Brock claimed his "intentions were not to try and rape the girl without her consent" but to "hook up "with a girl'. He said he stumbled away thinking he would vomit when he noticed another man near him asking what he was doing. Turner was detained after being spotted by two cyclists, before trying to flee.
Last week, Santa Clara County Superior Court rejected his defence and he was found guilty of three felonies including assault with intent to rape.
In a letter, Turner's friend Leslie Rasmussen told Judge Aaron Persky, who has been criticised for handing Turner a 6-month sentence for a crime that carries a maximum 14-year jail term, that the All-American swimming champion was "very respectful of everyone".
Rasmussen's statement was shared on Twitter by Stanford Law professor Michelle Dauber, and read: "Brock is not a monster. He is the furthest thing from anything like that, and I have known him much longer than the people involved in this case. I don't think it's fair to base the fate of the next ten + years of his life on the decision of a girl who doesn't remember anything but the amount she drank to press charges against him.

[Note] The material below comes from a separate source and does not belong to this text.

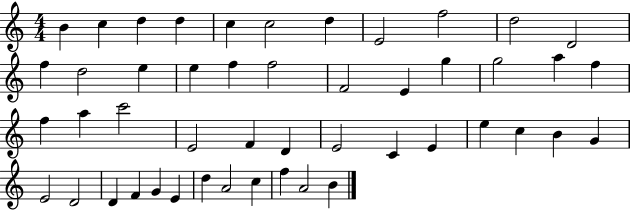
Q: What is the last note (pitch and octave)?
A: B4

"I am not blaming her directly for this, because that isn't right. But where do we draw the line and stop worrying about being politically correct every second of the day and see that rape on campuses isn't always because people are rapists. It is because universities market themselves as the biggest party schools in the country. They encourage drinking."

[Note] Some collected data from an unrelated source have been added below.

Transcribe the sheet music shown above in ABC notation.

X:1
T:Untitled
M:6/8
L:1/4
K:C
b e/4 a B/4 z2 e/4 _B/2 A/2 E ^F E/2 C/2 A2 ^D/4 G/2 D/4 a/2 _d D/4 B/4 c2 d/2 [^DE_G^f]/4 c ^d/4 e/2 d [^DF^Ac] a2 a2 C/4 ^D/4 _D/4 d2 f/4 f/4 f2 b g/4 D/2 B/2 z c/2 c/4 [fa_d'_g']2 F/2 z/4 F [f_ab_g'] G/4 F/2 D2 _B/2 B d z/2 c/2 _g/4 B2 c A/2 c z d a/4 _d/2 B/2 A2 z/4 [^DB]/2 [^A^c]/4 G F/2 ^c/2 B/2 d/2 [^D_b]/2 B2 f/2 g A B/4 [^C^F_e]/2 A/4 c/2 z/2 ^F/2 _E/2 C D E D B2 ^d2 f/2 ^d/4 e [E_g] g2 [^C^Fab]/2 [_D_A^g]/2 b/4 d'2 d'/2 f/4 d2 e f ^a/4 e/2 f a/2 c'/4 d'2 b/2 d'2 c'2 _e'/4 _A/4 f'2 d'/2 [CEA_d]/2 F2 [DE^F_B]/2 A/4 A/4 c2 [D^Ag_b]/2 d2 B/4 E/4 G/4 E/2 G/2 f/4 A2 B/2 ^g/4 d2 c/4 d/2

Part of Turner's defence, and his own impact statement, was that he had been wrong to drink alcohol – something his victim, known only as Emily Doe, disputed in her own powerful victim impact statement, explaining: "you were not wrong for drinking. Everyone around you was not sexually assaulting me. You were wrong for doing what nobody else was doing, which was pushing your erect dick in your pants against my naked, defenceless body concealed in a dark area".
Turner said in his defence he was planning to educate people about the dangers of drinking – something his victim said showed he did not understand that drinking was not the crime he had committed.
The university's poor record on investigating rape came under fire as the case went to trial – with just four out of 175 reported sexual assaults between 1997 and 2009 looked into.
Rasmussen's statement continued: "I think it is disgusting and I am so sick of hearing that these young men are monsters when really, you are throwing barely 20-somethings into these camp-like university environments, supporting partying, and then your mind is blown when things get out of hand.
"This is completely different from a woman getting kidnapped and raped as she is walking to her car in a parking lot. That is a rapist. These are not rapists. These are idiot boys and girls having too much to drink and not being aware of their surroundings and having clouded judgement.
"I'm not saying that is every case because I know there are young men that take advantage of young women and vice versa, but I know for a fact that Brock is not one of those people."
Turner is expected to serve three months in a county jail with good behaviour for the crime - a sentence that has been criticised by his father for being too harsh, and by hundreds of people on social media for being too lenient.